A. Contribution

  1. Problem addressed by the paper

Protecting location privacy with ease of use for general users.

  1. Solution proposed in the paper. Why is it better than previous work?

Previous works are less feasible for general users. They usually require OS modification thus makes it difficult for general users. This paper (LP-Doctor) contributes:

  1. providing users with privacy model that maps each app’s location access to a privacy metric.
  2. making decision on behalf of the users to avoid interrupting their tasks and makes privacy protection more usable.
  3. employing per session location access granularity to provide better trade-off based on users’ choice.
  4. The major results.

It provides easy to use location privacy protection successfully with low overhead (less than 10% energy overhead, less than 50ms delay).

B. Basic idea and approach. How does the solution work?

They study location access by apps and analyzed their privacy metrics. Then they develop an app, LP-Doctor, which is easy to use and provide location access protection by giving per-place prompts and notifications. It also gives granularity options that makes it easier for the user to choose better trade-off.

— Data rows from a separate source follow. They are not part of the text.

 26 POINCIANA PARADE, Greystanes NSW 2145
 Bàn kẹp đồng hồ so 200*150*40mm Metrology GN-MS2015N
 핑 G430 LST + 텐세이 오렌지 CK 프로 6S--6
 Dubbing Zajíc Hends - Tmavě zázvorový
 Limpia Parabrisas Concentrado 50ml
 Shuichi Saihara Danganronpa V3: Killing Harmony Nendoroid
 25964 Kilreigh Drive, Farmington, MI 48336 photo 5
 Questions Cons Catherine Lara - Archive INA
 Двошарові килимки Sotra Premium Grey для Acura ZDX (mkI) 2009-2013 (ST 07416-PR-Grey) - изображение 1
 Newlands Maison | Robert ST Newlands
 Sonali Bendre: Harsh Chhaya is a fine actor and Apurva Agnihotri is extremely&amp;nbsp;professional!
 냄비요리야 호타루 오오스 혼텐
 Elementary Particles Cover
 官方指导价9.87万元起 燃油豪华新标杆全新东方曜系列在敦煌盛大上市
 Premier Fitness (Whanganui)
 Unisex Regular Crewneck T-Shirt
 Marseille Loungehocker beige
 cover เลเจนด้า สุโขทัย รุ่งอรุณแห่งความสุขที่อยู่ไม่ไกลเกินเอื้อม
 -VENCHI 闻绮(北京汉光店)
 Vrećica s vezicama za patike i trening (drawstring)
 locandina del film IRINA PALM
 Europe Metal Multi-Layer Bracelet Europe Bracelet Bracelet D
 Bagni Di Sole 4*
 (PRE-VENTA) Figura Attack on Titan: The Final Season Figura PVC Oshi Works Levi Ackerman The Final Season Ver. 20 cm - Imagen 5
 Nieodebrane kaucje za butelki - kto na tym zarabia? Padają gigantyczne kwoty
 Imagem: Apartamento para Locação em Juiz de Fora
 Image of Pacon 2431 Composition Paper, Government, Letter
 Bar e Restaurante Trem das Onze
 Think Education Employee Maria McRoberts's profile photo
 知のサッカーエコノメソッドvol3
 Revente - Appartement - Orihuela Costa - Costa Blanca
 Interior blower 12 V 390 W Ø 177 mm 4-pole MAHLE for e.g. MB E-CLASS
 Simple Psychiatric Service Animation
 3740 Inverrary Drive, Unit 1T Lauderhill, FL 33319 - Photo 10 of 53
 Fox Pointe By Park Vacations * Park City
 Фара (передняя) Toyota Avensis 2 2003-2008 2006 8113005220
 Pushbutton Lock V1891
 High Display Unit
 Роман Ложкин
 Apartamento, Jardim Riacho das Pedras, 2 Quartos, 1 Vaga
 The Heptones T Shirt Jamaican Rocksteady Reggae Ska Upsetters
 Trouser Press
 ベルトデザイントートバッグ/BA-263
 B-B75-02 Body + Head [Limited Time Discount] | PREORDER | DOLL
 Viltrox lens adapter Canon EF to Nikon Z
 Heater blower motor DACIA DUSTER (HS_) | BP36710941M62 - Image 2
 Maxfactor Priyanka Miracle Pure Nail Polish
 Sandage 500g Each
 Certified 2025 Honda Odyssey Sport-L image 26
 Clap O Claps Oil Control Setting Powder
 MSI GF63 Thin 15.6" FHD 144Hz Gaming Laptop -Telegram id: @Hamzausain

Anatomization_and_Protection_of_Mobile_Apps’_Location_Privacy_Threats_pdf

C. Strengths

  1. The idea is quite novel and feasible for general users compared to previous works.

D. Weaknesses

  1. LP-Doctor is inapplicable to navigation apps that require precise location to work.
  2. LP-Doctor cannot protect users against apps that acquire user’s location from other sources, such as scanning for WiFi access points. Giving users an option to turn off WiFi is not feasible because most users would need to use WiFi.
  3. LP-Doctor does not apply privacy protection to apps continuously accessing location in the background. This is understandable since it needs operating system feature currently not available in Android.

E. Future work, Open issues, possible improvements

  1. Further research to protect users from being located by WiFi access points scanning should be done. Turning off WiFi should not be the only option to protect user’s location while accessing the WiFi. Perhaps we could introduce some location noise/obfuscation while using WiFi. We could also provide fake WiFi access point location.